Parrallel vs. Sequential Test Execution

By default, Playwright will run your tests in parallel. This is great for speeding up your test runs, but it can also make debugging tests more difficult. Playwright runs tests by default in parallel whether you’re debugging or not, so if you don’t append .only to the test, Playwright will initialize a browser window and inspector for every single test, which can be a bit overwhelming. You can run your tests sequentially by passing the --workers=1 flag when running your tests or set workers: 1 in the Playwright config file, which will make debugging easier.

In some cases you may always want to run certain tests sequentially. An example of this might be creating a user, then editting that user, then deleting the user. If you run these tests in parallel, you may run into issues where the user is deleted before the edit test runs, or the edit test runs before the create test runs.

Using the Trace Viewer

The Trace Viewer is one of the coolest things about Playwright. It allows you to move forward and back through a timeline of the test run and see what happened at every step, including network requests, interactions, console logs, and screenshots. You can also use the Trace Viewer to see what the DOM looked like at any point in time during the test.

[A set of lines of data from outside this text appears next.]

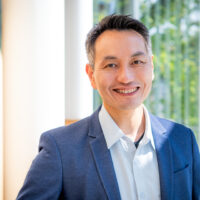 Dr. William Cheung named Fellow of the Royal Society of Canada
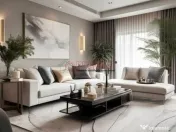 3 Camere Decomandat – Bd. Metalurgiei – Parc Tudor 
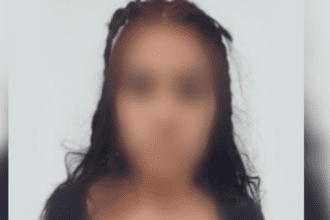 Cae 'La Morena', mujer relacionada con homicidio del 'Rojo'. Foto: JLMNoticias / FGEA.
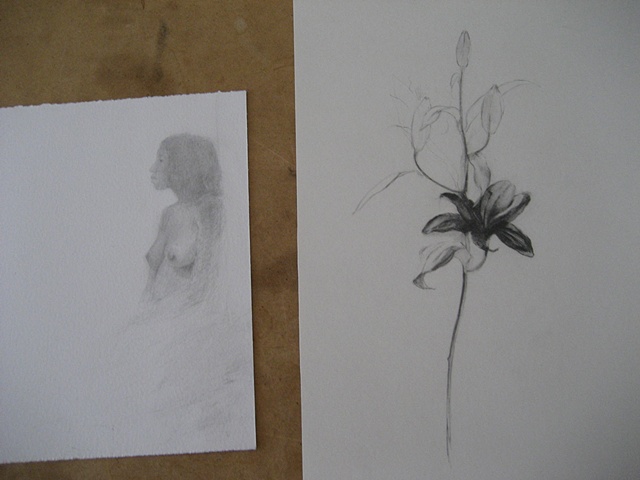 two drawings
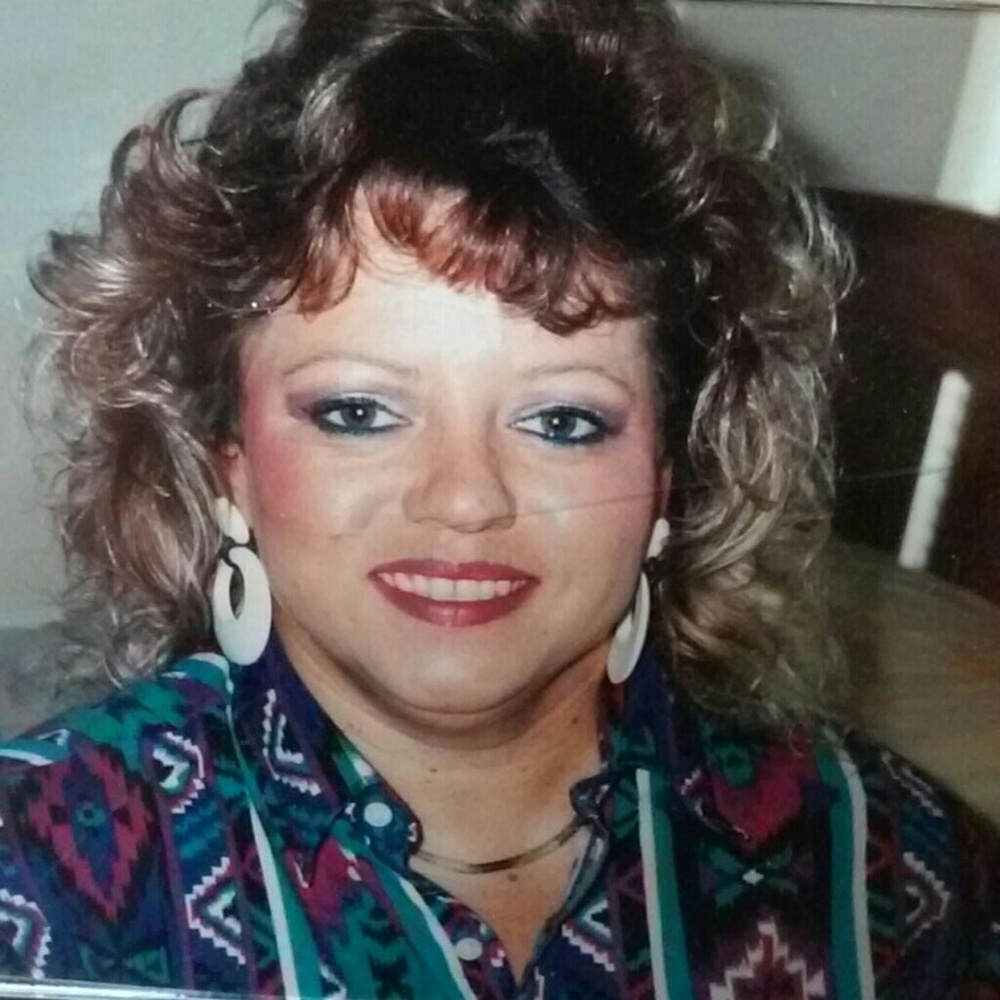 Meet your Posher, Linda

The first step to using the Trace Viewer is to add the trace property is added to the use object in the Playwright config file.

const config: PlaywrightTestConfig = {
  outputDir: 'specs/.test-results',
  testDir: 'specs/',
  retries: 2,
  use: {
    headless: true,
    viewport: {width: 1_280, height: 720},
    video: 'on-first-retry',
    trace: 'retain-on-failure', // export the trace on failure
    screenshot: 'only-on-failure',
  },
  //...

This will export a zip file when the test fails, which can be opened in the Trace Viewer.

Note: You can also generate the trace file by passing the --trace on flag when running the test.

The next step is to add a couple lines to the test you want to have the trace exported from.

test.only('Test for tracing', async ({page}) => {

  const browser = await chromium.launch();
  const context = await browser.newContext();
  await context.tracing.start({screenshots: true, snapshots: true});

  // ... test code

  await context.tracing.stop({path: 'trace.zip'});
});

The trace viewer can be opened by running the following command in the terminal:

npx playwright show-trace trace.zip

Alternatively, you can open trace.playwright.dev and drag and drop the zip file into the browser window.

VS Code Extension

Playwright has an extension for VS Code that provides a number of useful features for debugging tests. The extension can be installed from the VS Code Marketplace. It allows you to navigate, run, and debug individual tests from the explorer, perform Playwright actions directly from VS Code.

Conclusion

Debugging automated E2E tests can be challenging, but knowing how to use the tools and techniques described here, it can be a straightforward process. Playwright provides a simple and intuitive API for automating browser testing and offers features like screenshots on failure, debugging in the browser, logging and debugging messages, and automatic waiting and timeouts, making it easy to debug tests when they fail. Whether you’re an experienced developer or just starting out, Playwright is a great choice for automating your E2E tests and ensuring that your web application works as expected.